Introduction kindly written by that nutter Motherventing
Trouble Doubled – Ten reasons why Roy Wood can go and feck himself
Oh, I wish it could be Christmas everydaaaaaay. When the kids start singing and the band begins to play-ay-ay!! sings Roy Wood of glam-rock group Wizzard. For many he is THE voice of Christmas. I, for one, want to punch him in his beard-surrounded mouth.
Don’t misunderstand me – I love Christmas as much as the next 30-something, slightly-cynical female, however, I think to wish for it every single sodding day is, well, a step-too-far. Here’s why……
The Baby Wife – What’s In a Name?
Not that tradition is always a good thing. Kate Hudson’s newborn son is called Bingham. Or Bing. As in Chandler Bing. I’m not entirely sure the fact that it is Goldie Hawn’s maiden name (or that Bing is her grandfather’s name) really justifies landing the poor child with a name that no doubt will lead to endless teasing?
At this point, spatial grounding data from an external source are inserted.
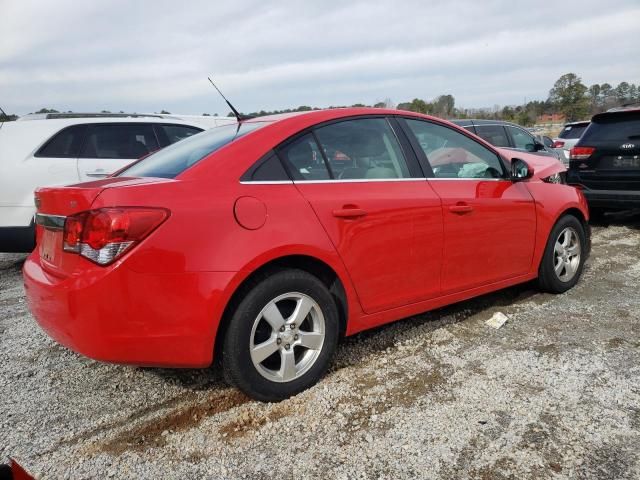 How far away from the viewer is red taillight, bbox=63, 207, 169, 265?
88.0 inches

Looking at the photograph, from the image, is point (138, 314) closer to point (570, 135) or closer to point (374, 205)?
point (374, 205)

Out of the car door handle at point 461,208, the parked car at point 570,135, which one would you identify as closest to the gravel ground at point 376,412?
the car door handle at point 461,208

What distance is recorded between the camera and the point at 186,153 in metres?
2.97

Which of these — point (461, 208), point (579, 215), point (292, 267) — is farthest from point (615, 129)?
point (292, 267)

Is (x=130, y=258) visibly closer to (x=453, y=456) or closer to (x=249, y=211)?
(x=249, y=211)

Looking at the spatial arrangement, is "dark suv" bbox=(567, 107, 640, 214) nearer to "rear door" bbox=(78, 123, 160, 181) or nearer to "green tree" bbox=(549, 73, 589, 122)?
"rear door" bbox=(78, 123, 160, 181)

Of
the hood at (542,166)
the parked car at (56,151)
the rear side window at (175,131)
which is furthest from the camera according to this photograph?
the rear side window at (175,131)

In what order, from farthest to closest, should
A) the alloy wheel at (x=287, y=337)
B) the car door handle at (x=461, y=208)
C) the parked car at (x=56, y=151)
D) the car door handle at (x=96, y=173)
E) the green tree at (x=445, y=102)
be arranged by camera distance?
1. the green tree at (x=445, y=102)
2. the car door handle at (x=96, y=173)
3. the parked car at (x=56, y=151)
4. the car door handle at (x=461, y=208)
5. the alloy wheel at (x=287, y=337)

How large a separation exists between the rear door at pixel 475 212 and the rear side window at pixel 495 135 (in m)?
5.39

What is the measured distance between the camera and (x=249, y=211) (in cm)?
252

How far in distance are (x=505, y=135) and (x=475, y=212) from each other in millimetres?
6339

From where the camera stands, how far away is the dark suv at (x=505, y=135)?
8.84 metres

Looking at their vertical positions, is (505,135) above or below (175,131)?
below

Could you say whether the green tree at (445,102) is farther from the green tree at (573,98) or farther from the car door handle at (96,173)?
the car door handle at (96,173) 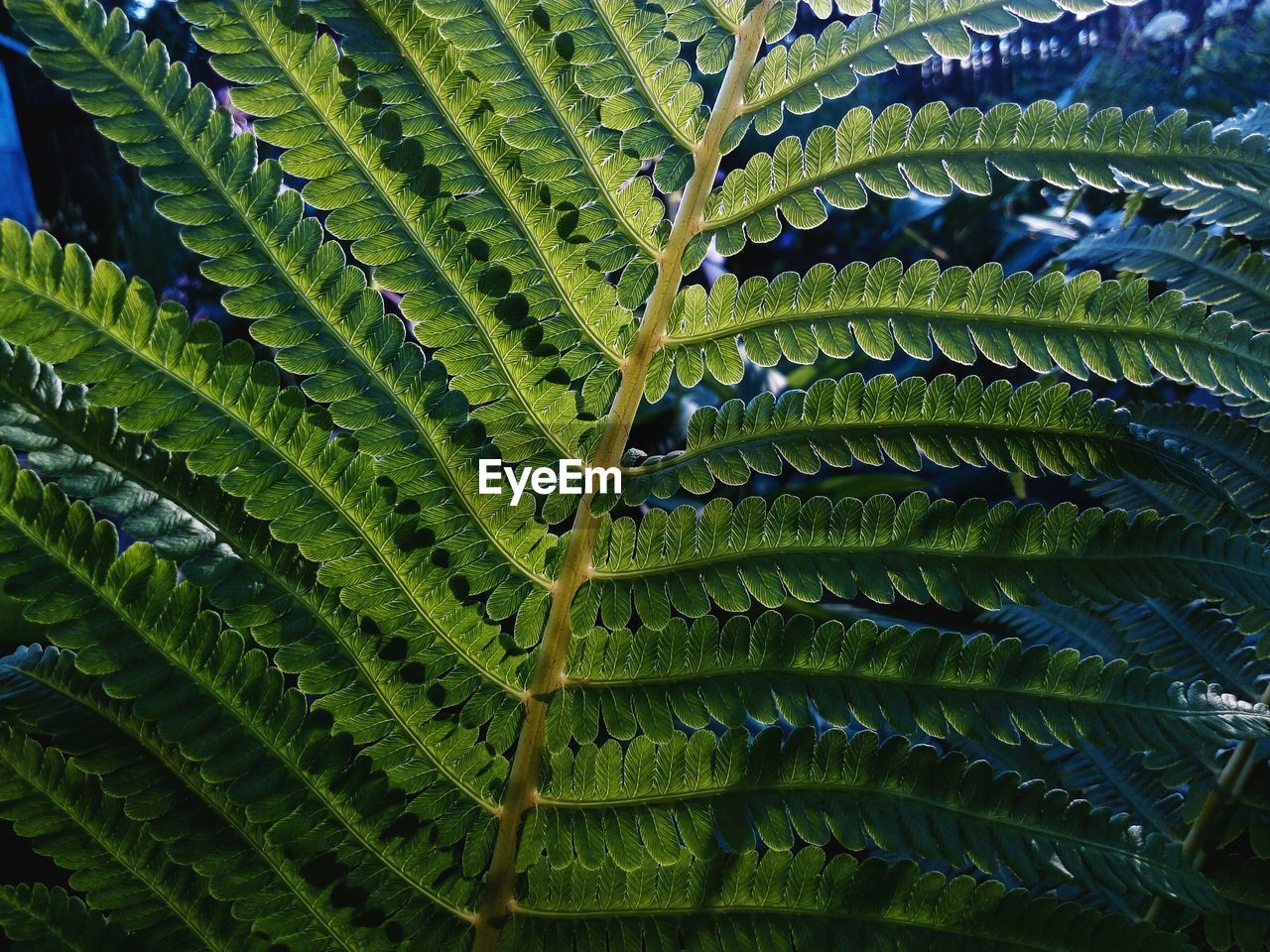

And do you really want to be reminded of ^^^that face when you say your child’s name? I wouldn’t think so…
I’m not the only one who gets upset by bad baby names…..
Flossing the Cat – Dear Boss
My partner excels at romantic gestures. This year he bought me a book, wrapped in the prettiest red paper, with the magical word ‘Love’ in the title. Now I know what you’re thinking. Is it ‘Love in the Time of Cholera’ by Gabriel Garcia Marquez? Is it ‘Love’ by Toni Morrison? Well no, it isn’t either of these. Great works of literary fiction only claim to change your life; my partner has bigger ambitions. His gift was a self-help book that will change my life for real. A book called ‘How to Get A Job You’ll Love’.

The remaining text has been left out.